* _YOUR TASK_: The records that follow must be repeated exactly, except for their pictures.
**** DATA FOR PROCESSING ****
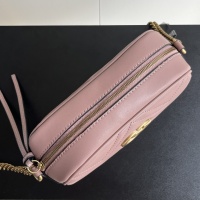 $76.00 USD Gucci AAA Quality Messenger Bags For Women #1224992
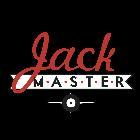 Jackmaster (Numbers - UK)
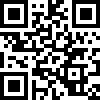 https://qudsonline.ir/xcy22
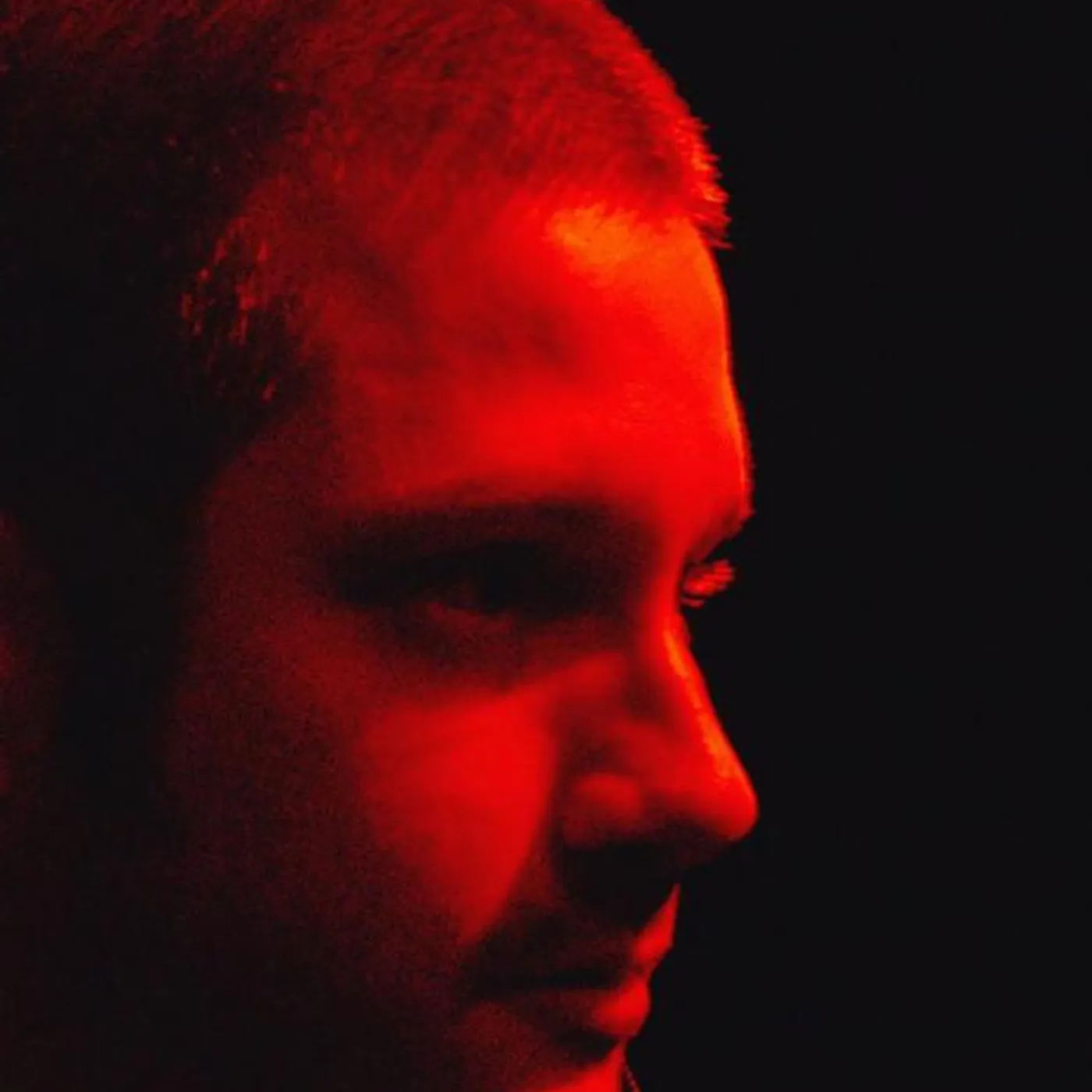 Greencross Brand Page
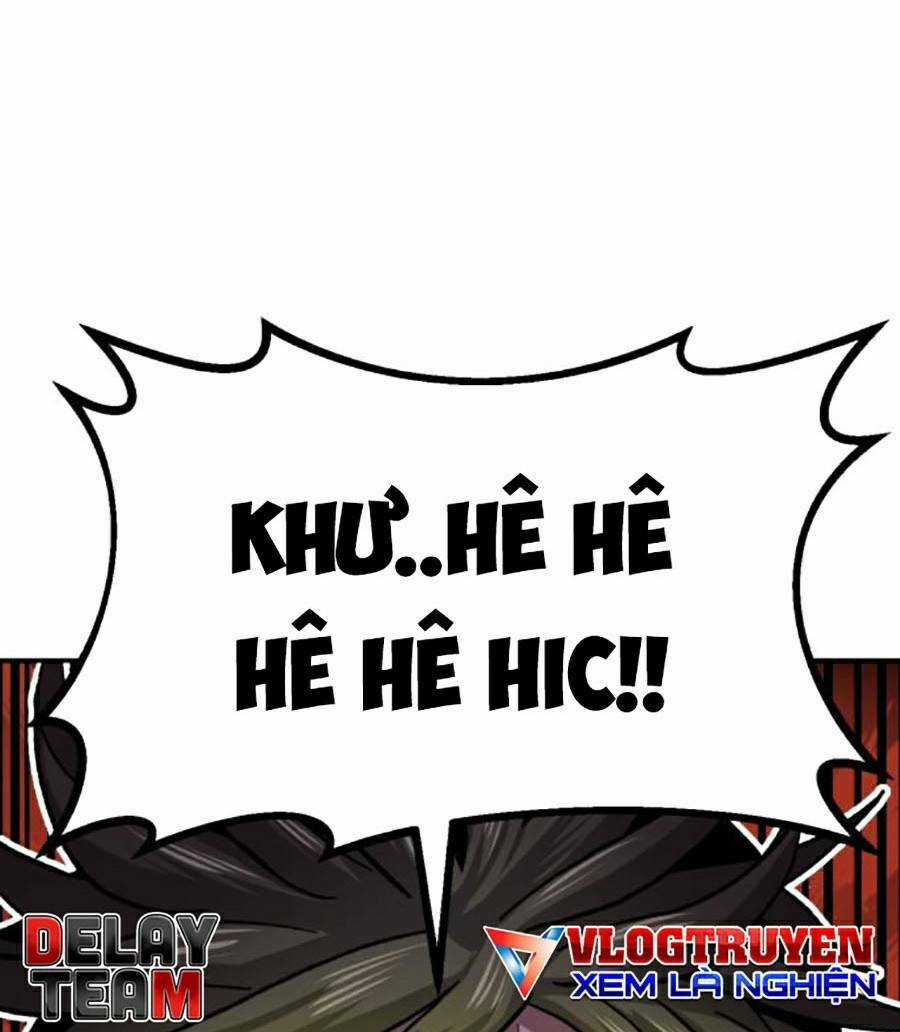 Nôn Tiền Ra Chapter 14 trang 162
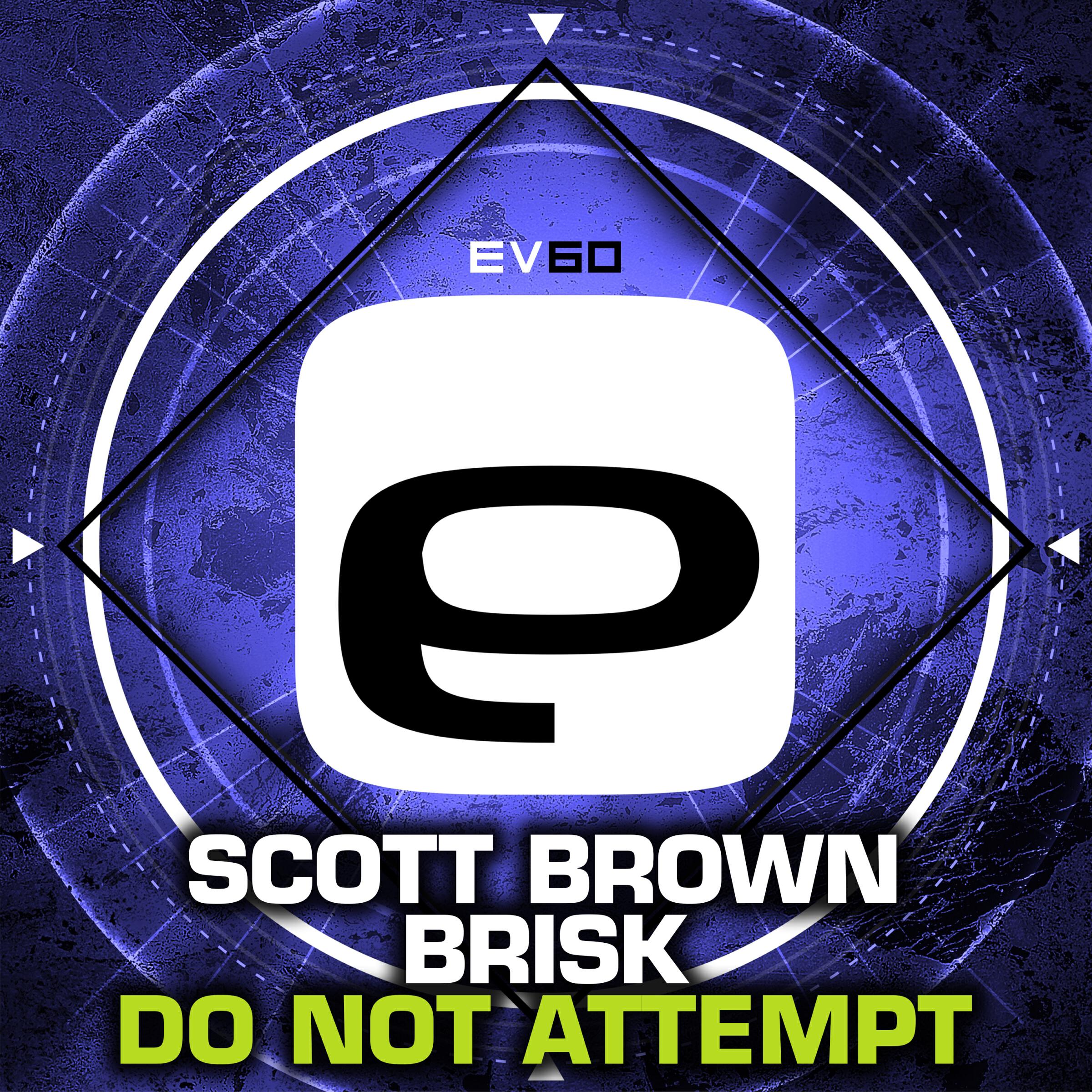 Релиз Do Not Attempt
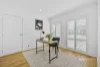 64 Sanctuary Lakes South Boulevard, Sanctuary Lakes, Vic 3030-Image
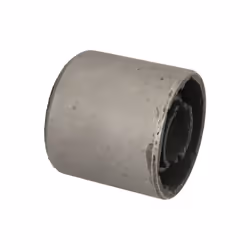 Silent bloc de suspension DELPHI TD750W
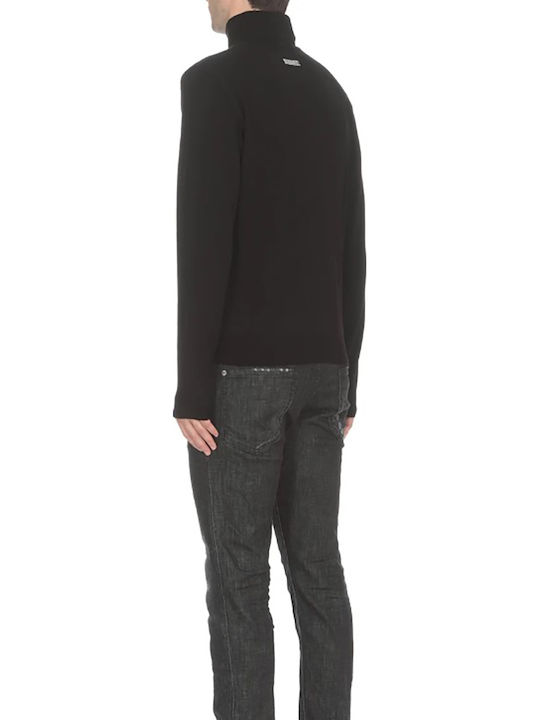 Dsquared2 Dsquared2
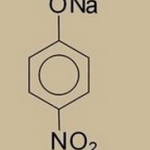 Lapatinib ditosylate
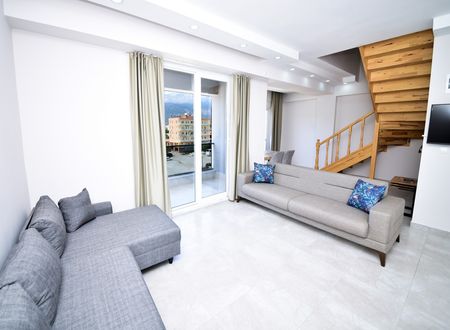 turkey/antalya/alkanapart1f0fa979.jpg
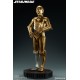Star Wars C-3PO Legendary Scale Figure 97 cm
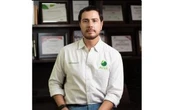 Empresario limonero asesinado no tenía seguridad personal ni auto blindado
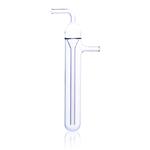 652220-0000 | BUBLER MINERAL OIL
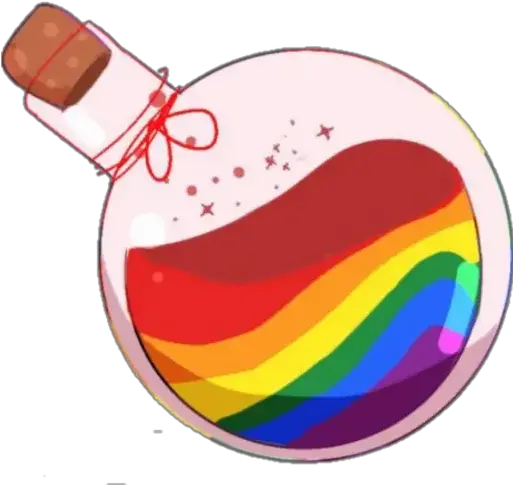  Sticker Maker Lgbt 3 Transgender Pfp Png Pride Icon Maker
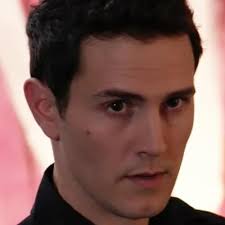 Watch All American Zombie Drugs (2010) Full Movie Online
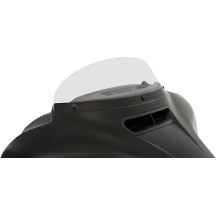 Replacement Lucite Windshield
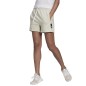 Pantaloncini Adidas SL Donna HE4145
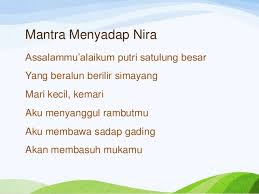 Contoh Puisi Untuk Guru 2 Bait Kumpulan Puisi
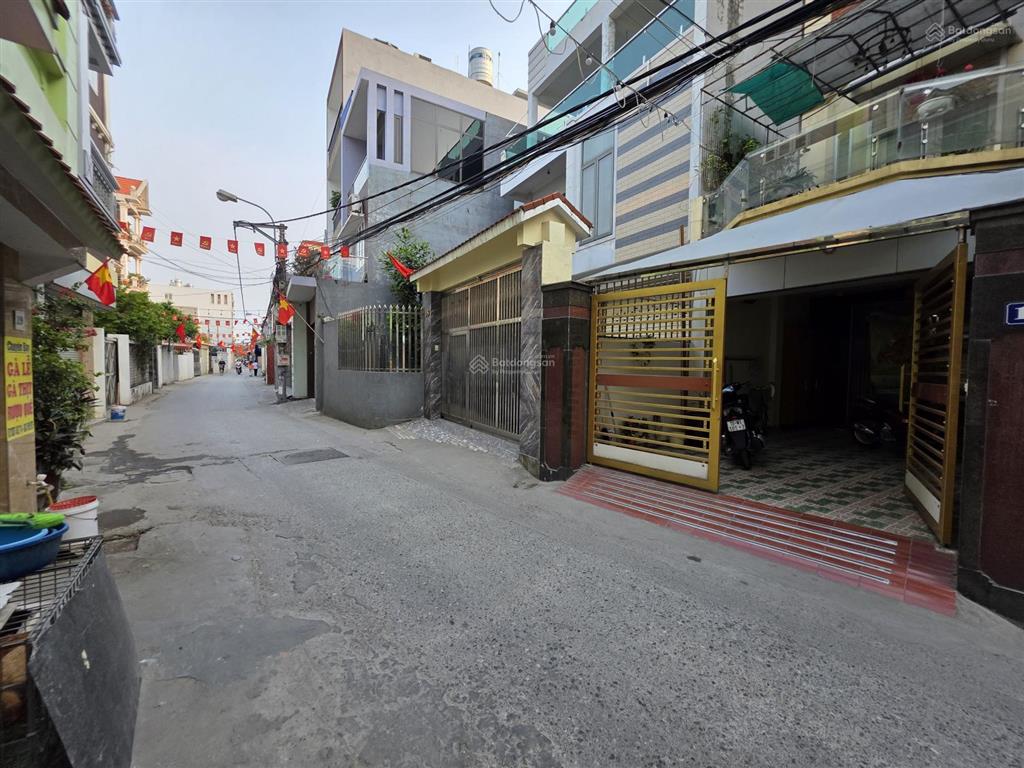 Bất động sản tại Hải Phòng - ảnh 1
****
* _TASK SOLUTION_:
 $76.00 USD Gucci AAA Quality Messenger Bags For Women #1224992
 Jackmaster (Numbers - UK)
 https://qudsonline.ir/xcy22
 Greencross Brand Page
 Nôn Tiền Ra Chapter 14 trang 162
 Релиз Do Not Attempt
 64 Sanctuary Lakes South Boulevard, Sanctuary Lakes, Vic 3030-Image
 Silent bloc de suspension DELPHI TD750W
 Dsquared2 Dsquared2
 Lapatinib ditosylate
 turkey/antalya/alkanapart1f0fa979.jpg
Star Wars C-3PO Legendary Scale Figure 97 cm
 Empresario limonero asesinado no tenía seguridad personal ni auto blindado
 652220-0000 | BUBLER MINERAL OIL
  Sticker Maker Lgbt 3 Transgender Pfp Png Pride Icon Maker
 Watch All American Zombie Drugs (2010) Full Movie Online
 Replacement Lucite Windshield
 Pantaloncini Adidas SL Donna HE4145
 Contoh Puisi Untuk Guru 2 Bait Kumpulan Puisi
 Bất động sản tại Hải Phòng - ảnh 1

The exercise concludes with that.